Bei der historischen Recherche kann man zumindest als Christ und politisch aktiver Bürger nicht stehen bleiben. Vielmehr stellt die historische Forschung den ersten Schritt einer „Theologie der Versöhnung“ dar. Erst wenn die Fakten nicht mehr verschwiegen werden, sondern auf dem Tisch sind, können die nachfolgenden Generationen, die durch Gewalterfahrungen getrennt sind ein gemeinsames Narrativ entwickeln und sich begegnen.
 

Lieber Herr Stängle, ganz herzlichen Dank, dass Sie Zeit für uns hatten.

 

Für den Arbeitskreis Israel / RK

März 2018

 

Literatur

Stängle, Gabriel et al. 2017. „Wir waren froh, als es vorbei war“: die Ausgrenzung und Verfolgung von Juden im Kreis Calw zwischen 1933-1945. Horb am Necker: Geiger Druck.

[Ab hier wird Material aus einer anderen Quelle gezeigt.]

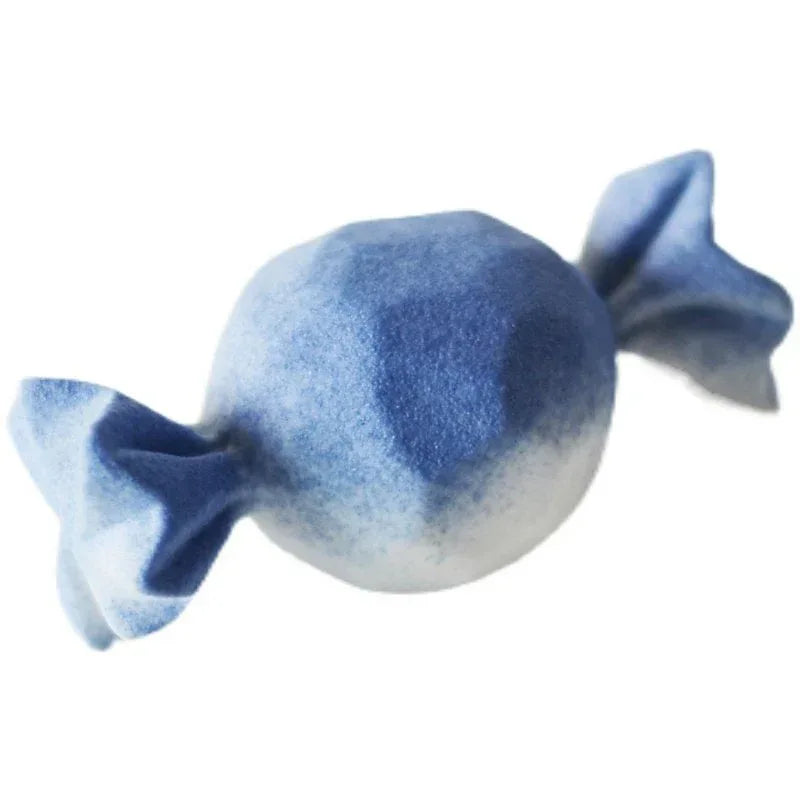 Candy-shaped ceramic chopstick rest - PetCeramicArt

Autorenteam des Technischen Gymnasiums Nagold. 2011. Gerechte unter den Völkern. Die stillen Retter untergetauchter Juden im Nordschwarzwald und im Oberen Gäu. Redaktion: Mall, Volker/ Roth, Harald/ Stängle, Gabriel, Fabarius, Eckehart. Gäufelden: KZ Gedenkstätte Hailfingen Tailfingen e.V. in: http://www.kz-gedenkstaette-hailfingen-tailfingen.de/pdf/kzht.v.ve_gerecht_e.pdf

Stängle, Gabriel. 2011. "Dont't know much about history" Annäherungen an persönliche und kollektive Erinnerung durch Oral History, in: Faix, Tobias/ Wünch, Hans-Georg/ Meier, Elke (Hg.). 2011. Theologie im Kontext von Biographie und Weltbild. Marburg: Verlag der Francke-Buchhandlung, S. 281-312.